TASK OBJECTIVE:
Your answer must hold only the lines below from the line containing "Sans Faff Meghan" through the line containing "Empty Pump Bottle, Brown", each reproduced exactly.

INPUT:
****************

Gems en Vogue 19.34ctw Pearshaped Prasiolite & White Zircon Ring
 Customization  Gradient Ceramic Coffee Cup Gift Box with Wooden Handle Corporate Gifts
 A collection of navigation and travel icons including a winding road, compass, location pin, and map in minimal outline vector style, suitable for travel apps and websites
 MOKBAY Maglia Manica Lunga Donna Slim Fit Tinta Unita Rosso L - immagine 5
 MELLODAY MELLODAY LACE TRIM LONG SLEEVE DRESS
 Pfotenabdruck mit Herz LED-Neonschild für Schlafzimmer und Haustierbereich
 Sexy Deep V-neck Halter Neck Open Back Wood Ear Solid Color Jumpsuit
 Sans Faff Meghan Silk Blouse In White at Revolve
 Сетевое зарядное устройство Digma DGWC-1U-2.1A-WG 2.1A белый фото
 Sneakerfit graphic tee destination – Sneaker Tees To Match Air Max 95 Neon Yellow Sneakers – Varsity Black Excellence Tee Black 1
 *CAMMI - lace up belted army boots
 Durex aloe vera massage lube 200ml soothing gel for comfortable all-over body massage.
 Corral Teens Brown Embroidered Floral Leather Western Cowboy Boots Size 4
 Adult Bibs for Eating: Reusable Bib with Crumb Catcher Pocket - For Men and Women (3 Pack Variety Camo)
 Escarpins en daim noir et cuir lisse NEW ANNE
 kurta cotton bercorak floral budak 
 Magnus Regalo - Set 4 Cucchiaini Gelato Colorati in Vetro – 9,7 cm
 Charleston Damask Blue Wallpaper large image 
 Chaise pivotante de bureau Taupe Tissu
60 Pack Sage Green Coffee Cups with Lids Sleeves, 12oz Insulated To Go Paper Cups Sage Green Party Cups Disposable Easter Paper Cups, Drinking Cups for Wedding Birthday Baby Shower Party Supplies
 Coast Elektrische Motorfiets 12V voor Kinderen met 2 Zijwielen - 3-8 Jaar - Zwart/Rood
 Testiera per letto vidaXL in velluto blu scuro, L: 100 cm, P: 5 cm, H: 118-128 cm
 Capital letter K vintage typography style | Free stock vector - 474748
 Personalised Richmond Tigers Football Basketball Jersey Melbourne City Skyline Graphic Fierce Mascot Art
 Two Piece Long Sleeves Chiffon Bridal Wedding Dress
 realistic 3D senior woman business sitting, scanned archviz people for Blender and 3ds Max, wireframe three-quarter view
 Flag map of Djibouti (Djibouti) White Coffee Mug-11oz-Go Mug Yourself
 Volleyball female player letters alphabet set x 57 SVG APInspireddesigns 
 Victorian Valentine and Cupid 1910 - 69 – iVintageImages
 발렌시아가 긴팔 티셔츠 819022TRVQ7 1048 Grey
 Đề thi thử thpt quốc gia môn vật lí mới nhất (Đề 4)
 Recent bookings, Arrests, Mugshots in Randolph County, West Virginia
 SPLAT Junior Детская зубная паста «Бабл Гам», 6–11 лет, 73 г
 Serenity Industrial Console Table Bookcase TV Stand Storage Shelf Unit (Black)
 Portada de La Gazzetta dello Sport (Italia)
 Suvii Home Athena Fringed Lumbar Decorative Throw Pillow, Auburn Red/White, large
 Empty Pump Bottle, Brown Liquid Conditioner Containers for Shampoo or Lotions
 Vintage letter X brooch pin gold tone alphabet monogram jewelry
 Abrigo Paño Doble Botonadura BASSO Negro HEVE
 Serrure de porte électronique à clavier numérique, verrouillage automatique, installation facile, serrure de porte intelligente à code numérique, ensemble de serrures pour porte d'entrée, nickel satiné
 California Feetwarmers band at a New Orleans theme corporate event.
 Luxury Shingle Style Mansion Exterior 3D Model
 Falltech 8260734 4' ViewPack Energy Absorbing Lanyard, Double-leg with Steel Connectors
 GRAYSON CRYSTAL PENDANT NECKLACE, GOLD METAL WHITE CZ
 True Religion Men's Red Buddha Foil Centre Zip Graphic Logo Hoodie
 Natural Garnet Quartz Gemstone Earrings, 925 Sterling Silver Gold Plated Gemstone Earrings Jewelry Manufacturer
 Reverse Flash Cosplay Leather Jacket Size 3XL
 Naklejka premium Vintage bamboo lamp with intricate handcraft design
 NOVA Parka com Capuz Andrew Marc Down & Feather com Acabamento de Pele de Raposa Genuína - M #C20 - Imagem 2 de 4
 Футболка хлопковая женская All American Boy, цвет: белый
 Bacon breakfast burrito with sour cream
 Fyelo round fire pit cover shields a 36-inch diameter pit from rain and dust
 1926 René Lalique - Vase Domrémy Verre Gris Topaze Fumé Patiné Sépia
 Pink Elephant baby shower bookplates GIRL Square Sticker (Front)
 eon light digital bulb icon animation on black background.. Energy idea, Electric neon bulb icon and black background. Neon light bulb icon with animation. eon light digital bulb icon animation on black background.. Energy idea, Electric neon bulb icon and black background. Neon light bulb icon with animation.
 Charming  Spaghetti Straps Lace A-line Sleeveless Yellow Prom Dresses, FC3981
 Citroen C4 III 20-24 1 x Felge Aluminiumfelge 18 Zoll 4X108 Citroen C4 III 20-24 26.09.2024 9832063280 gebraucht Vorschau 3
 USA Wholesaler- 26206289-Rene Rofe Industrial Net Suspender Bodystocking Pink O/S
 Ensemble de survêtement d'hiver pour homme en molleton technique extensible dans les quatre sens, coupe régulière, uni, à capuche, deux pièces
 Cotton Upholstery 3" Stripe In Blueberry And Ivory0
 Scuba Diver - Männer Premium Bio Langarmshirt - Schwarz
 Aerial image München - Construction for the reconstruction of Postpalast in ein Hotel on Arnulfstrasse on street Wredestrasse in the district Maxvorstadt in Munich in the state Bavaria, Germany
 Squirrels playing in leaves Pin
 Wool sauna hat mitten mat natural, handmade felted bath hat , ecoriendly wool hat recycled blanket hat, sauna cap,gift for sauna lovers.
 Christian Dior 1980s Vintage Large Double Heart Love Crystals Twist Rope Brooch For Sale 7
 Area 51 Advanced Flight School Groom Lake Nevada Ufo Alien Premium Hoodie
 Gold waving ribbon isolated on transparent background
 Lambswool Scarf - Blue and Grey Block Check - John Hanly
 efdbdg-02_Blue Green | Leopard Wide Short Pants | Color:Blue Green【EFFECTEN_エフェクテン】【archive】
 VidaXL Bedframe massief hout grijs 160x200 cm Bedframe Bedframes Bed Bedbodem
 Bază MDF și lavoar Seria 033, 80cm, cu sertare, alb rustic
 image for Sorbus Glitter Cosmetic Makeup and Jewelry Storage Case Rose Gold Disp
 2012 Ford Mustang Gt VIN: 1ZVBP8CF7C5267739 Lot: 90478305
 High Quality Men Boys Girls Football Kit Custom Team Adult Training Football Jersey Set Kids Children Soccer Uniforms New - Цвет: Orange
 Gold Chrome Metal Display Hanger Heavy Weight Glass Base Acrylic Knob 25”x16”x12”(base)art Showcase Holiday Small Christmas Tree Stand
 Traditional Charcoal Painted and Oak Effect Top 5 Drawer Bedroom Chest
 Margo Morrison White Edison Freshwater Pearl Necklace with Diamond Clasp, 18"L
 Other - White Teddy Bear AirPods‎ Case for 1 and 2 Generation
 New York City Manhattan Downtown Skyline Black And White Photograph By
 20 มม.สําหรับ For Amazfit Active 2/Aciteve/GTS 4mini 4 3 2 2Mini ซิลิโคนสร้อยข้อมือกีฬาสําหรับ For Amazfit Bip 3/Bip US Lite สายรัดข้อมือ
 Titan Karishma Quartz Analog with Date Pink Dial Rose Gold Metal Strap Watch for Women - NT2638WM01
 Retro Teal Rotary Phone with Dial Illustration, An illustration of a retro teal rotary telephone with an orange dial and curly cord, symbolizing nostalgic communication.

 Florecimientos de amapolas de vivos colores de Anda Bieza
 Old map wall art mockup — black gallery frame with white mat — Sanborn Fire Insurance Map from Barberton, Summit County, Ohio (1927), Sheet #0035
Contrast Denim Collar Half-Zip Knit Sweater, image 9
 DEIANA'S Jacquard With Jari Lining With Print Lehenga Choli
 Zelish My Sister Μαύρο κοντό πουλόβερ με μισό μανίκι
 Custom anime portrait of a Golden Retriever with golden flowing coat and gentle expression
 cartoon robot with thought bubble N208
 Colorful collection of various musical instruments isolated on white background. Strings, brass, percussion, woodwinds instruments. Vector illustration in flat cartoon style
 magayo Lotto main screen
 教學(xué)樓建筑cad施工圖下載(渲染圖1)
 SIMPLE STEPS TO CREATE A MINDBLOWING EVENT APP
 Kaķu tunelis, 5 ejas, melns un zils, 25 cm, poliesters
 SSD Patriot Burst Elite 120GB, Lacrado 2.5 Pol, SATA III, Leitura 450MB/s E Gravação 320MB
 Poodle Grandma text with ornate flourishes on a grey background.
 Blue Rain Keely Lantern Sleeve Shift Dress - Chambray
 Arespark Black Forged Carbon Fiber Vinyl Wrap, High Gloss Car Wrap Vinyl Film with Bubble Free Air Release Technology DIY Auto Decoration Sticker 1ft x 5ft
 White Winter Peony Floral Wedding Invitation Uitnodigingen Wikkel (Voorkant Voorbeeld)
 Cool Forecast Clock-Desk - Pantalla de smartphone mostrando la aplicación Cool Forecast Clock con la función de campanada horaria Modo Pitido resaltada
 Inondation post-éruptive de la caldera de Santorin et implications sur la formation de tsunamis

****************

RESULT FOR THIS TASK:
 Sans Faff Meghan Silk Blouse In White at Revolve
 Сетевое зарядное устройство Digma DGWC-1U-2.1A-WG 2.1A белый фото
 Sneakerfit graphic tee destination – Sneaker Tees To Match Air Max 95 Neon Yellow Sneakers – Varsity Black Excellence Tee Black 1
 *CAMMI - lace up belted army boots
 Durex aloe vera massage lube 200ml soothing gel for comfortable all-over body massage.
 Corral Teens Brown Embroidered Floral Leather Western Cowboy Boots Size 4
 Adult Bibs for Eating: Reusable Bib with Crumb Catcher Pocket - For Men and Women (3 Pack Variety Camo)
 Escarpins en daim noir et cuir lisse NEW ANNE
 kurta cotton bercorak floral budak 
 Magnus Regalo - Set 4 Cucchiaini Gelato Colorati in Vetro – 9,7 cm
 Charleston Damask Blue Wallpaper large image 
 Chaise pivotante de bureau Taupe Tissu
60 Pack Sage Green Coffee Cups with Lids Sleeves, 12oz Insulated To Go Paper Cups Sage Green Party Cups Disposable Easter Paper Cups, Drinking Cups for Wedding Birthday Baby Shower Party Supplies
 Coast Elektrische Motorfiets 12V voor Kinderen met 2 Zijwielen - 3-8 Jaar - Zwart/Rood
 Testiera per letto vidaXL in velluto blu scuro, L: 100 cm, P: 5 cm, H: 118-128 cm
 Capital letter K vintage typography style | Free stock vector - 474748
 Personalised Richmond Tigers Football Basketball Jersey Melbourne City Skyline Graphic Fierce Mascot Art
 Two Piece Long Sleeves Chiffon Bridal Wedding Dress
 realistic 3D senior woman business sitting, scanned archviz people for Blender and 3ds Max, wireframe three-quarter view
 Flag map of Djibouti (Djibouti) White Coffee Mug-11oz-Go Mug Yourself
 Volleyball female player letters alphabet set x 57 SVG APInspireddesigns 
 Victorian Valentine and Cupid 1910 - 69 – iVintageImages
 발렌시아가 긴팔 티셔츠 819022TRVQ7 1048 Grey
 Đề thi thử thpt quốc gia môn vật lí mới nhất (Đề 4)
 Recent bookings, Arrests, Mugshots in Randolph County, West Virginia
 SPLAT Junior Детская зубная паста «Бабл Гам», 6–11 лет, 73 г
 Serenity Industrial Console Table Bookcase TV Stand Storage Shelf Unit (Black)
 Portada de La Gazzetta dello Sport (Italia)
 Suvii Home Athena Fringed Lumbar Decorative Throw Pillow, Auburn Red/White, large
 Empty Pump Bottle, Brown Liquid Conditioner Containers for Shampoo or Lotions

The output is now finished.